A faithful copy of the data, pictures omitted, is the required answer.

Stored items:
• • •
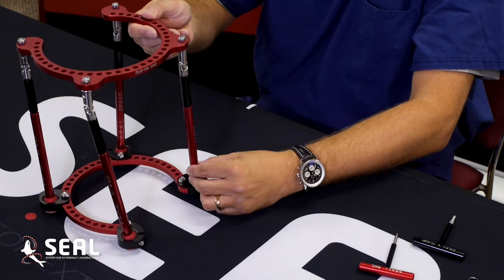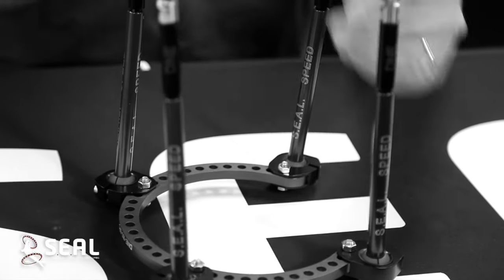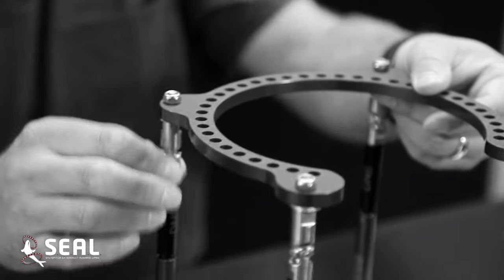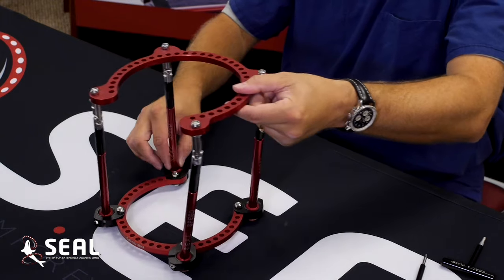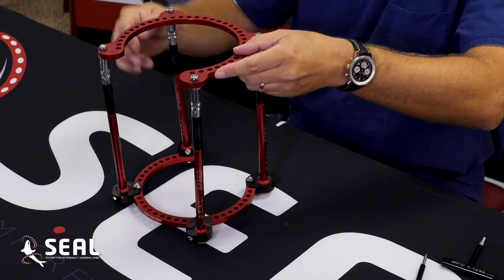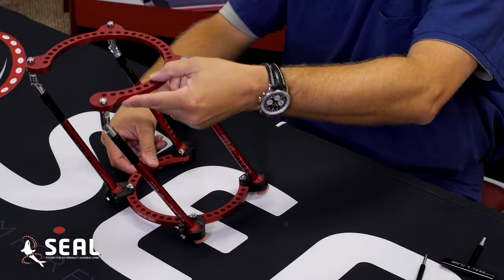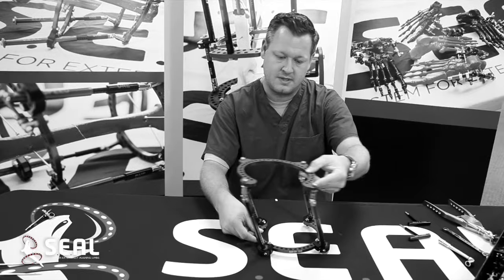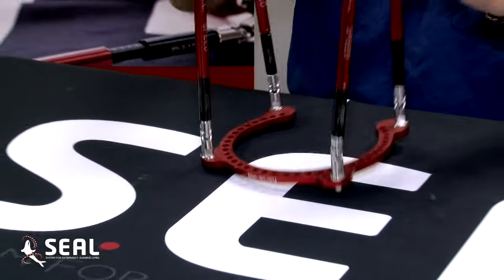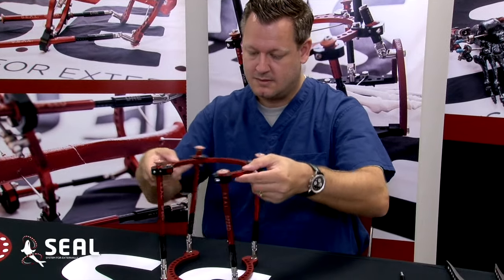For example, we have our universal struts that have an option of different styles of conformity to your anatomy and pathology. The struts up top with the angular fixation bend almost to 90 degrees, with the bottom hinge ball joints roughly 45 to 60 degrees. As you can see, the frame comes vertical. You can loosen all your bolt apparatus, and you have a high degree of angular correction with initial assessment to the patho-anatomy and then correction of the anatomy which you'll reduce it to. All three cardinal planes are addressed within this frame.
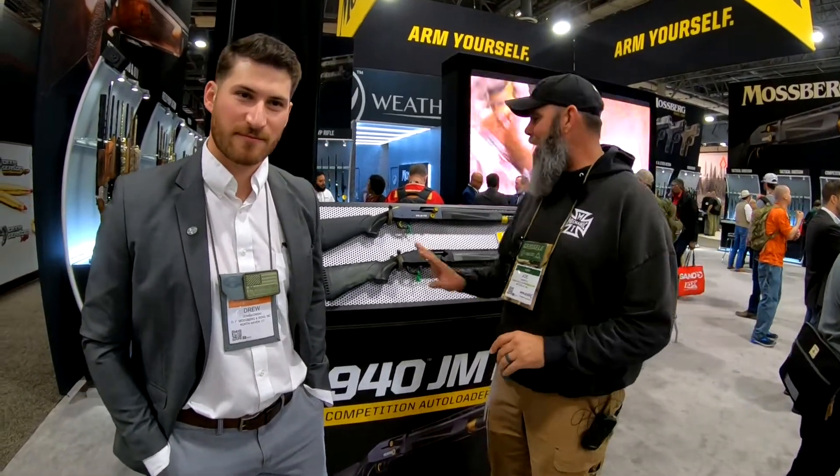Hi everybody, it's Joe with Gunners Den. I'm here at SHOT Show at the Mossberg booth with Drew, and he's going to tell us all about the new JM Pro 940.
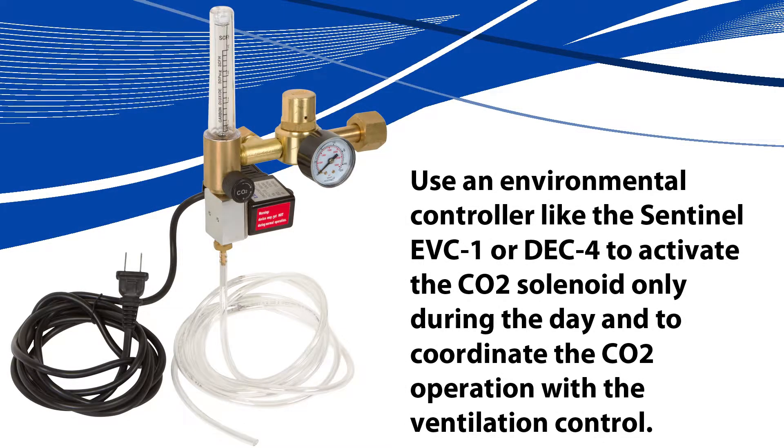Use an environmental controller like the Sentinel EVC1 or DEC4 to activate the CO2 solenoid only during the day and to coordinate the CO2 operation with the ventilation control.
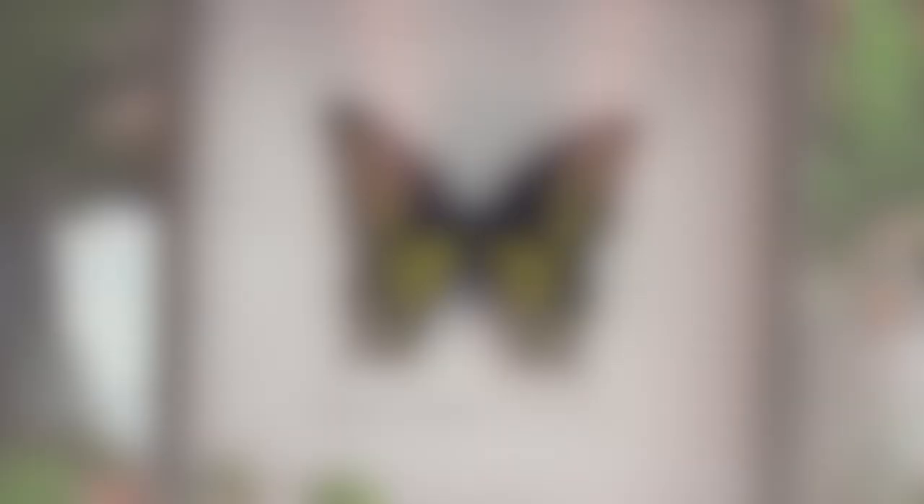And now you have a gorgeous framed piece of art. For step-by-step instructions, embroidery designs, tips and other inspiration, check us out at www.urbanthreads.com.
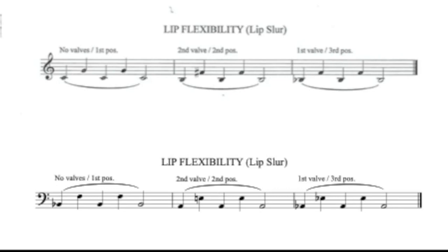Now let's have a look at the lip flexibility exercises. We start in first position. Treble clef readers, you have a C. Bass clef readers, you have a B flat. It's very important to take a big breath to play these. I know it's only five notes in each group, but they are much easier to play if you've taken a big breath. The first group is in first position, the second group is in second position, and the third group is in third position.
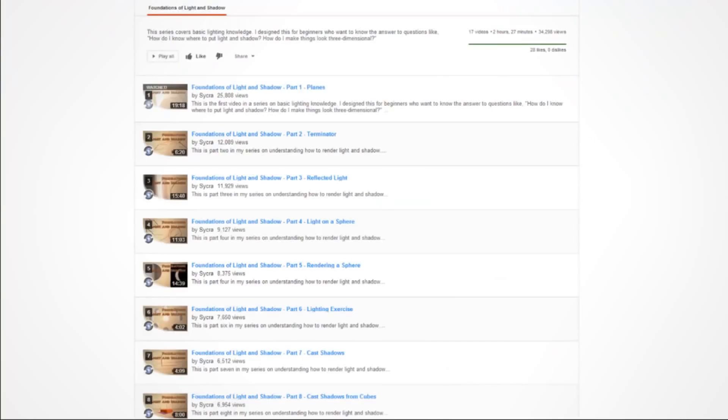Next is a playlist I made — sorry for tooting my own horn, but pretty much all my videos I've created for a younger version of me, things I wish I'd known. So I would go through the Foundations of Light and Shadow series, because you learn a lot about how light works — or at least how it works for an artist.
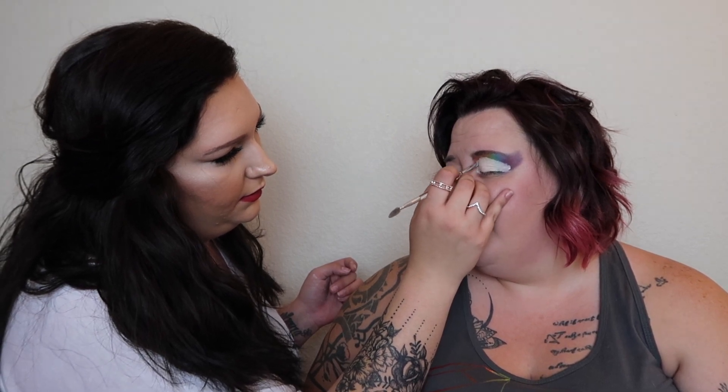I grew up not knowing what gay was — I didn't have any gay friends, there wasn't a lot of gay representation on TV. I genuinely grew up thinking all girls liked other girls but were just supposed to date boys. I thought that was just for show — that everyone was thinking about women but you had to date boys. So I just dated guys.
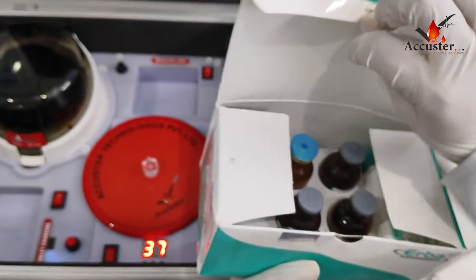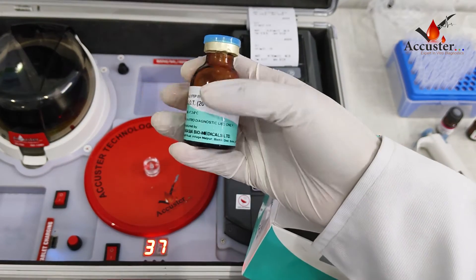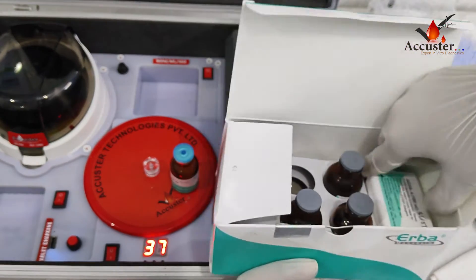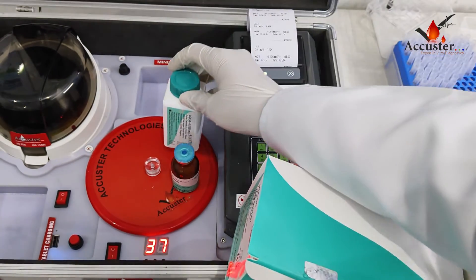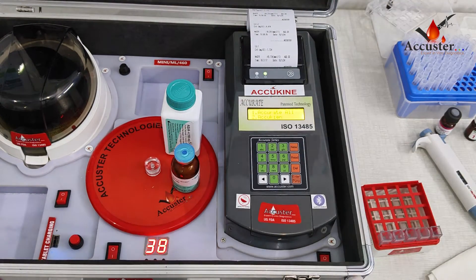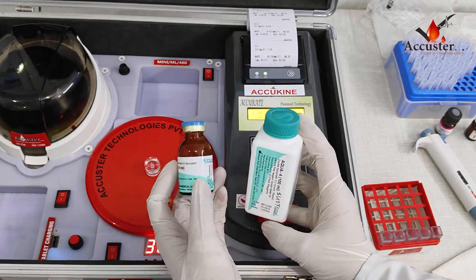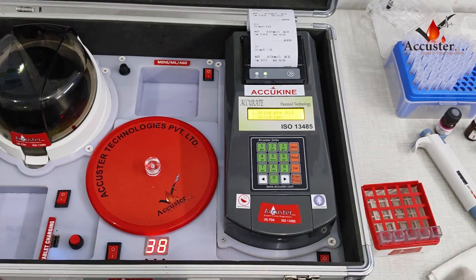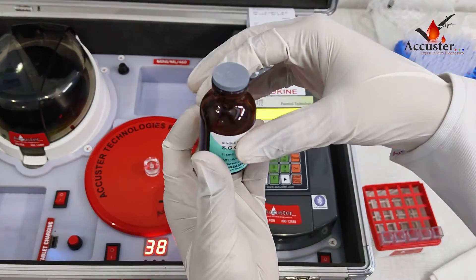Now we will open this. As we can see, there are two bottles — one bottle of reagent powder and the other one is cholesterol diluent. Mix the SGOT reagent with 20 ml of distilled water and then keep it at room temperature for 30 minutes. After 30 minutes, mix it well before doing the control.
• • •
Problem solution>
For example, we have our universal struts that have an option of different styles of conformity to your anatomy and pathology. The struts up top with the angular fixation bend almost to 90 degrees, with the bottom hinge ball joints roughly 45 to 60 degrees. As you can see, the frame comes vertical. You can loosen all your bolt apparatus, and you have a high degree of angular correction with initial assessment to the patho-anatomy and then correction of the anatomy which you'll reduce it to. All three cardinal planes are addressed within this frame.
Hi everybody, it's Joe with Gunners Den. I'm here at SHOT Show at the Mossberg booth with Drew, and he's going to tell us all about the new JM Pro 940.
Use an environmental controller like the Sentinel EVC1 or DEC4 to activate the CO2 solenoid only during the day and to coordinate the CO2 operation with the ventilation control.
And now you have a gorgeous framed piece of art. For step-by-step instructions, embroidery designs, tips and other inspiration, check us out at www.urbanthreads.com.
Now let's have a look at the lip flexibility exercises. We start in first position. Treble clef readers, you have a C. Bass clef readers, you have a B flat. It's very important to take a big breath to play these. I know it's only five notes in each group, but they are much easier to play if you've taken a big breath. The first group is in first position, the second group is in second position, and the third group is in third position.
Next is a playlist I made — sorry for tooting my own horn, but pretty much all my videos I've created for a younger version of me, things I wish I'd known. So I would go through the Foundations of Light and Shadow series, because you learn a lot about how light works — or at least how it works for an artist.
I grew up not knowing what gay was — I didn't have any gay friends, there wasn't a lot of gay representation on TV. I genuinely grew up thinking all girls liked other girls but were just supposed to date boys. I thought that was just for show — that everyone was thinking about women but you had to date boys. So I just dated guys.
Now we will open this. As we can see, there are two bottles — one bottle of reagent powder and the other one is cholesterol diluent. Mix the SGOT reagent with 20 ml of distilled water and then keep it at room temperature for 30 minutes. After 30 minutes, mix it well before doing the control.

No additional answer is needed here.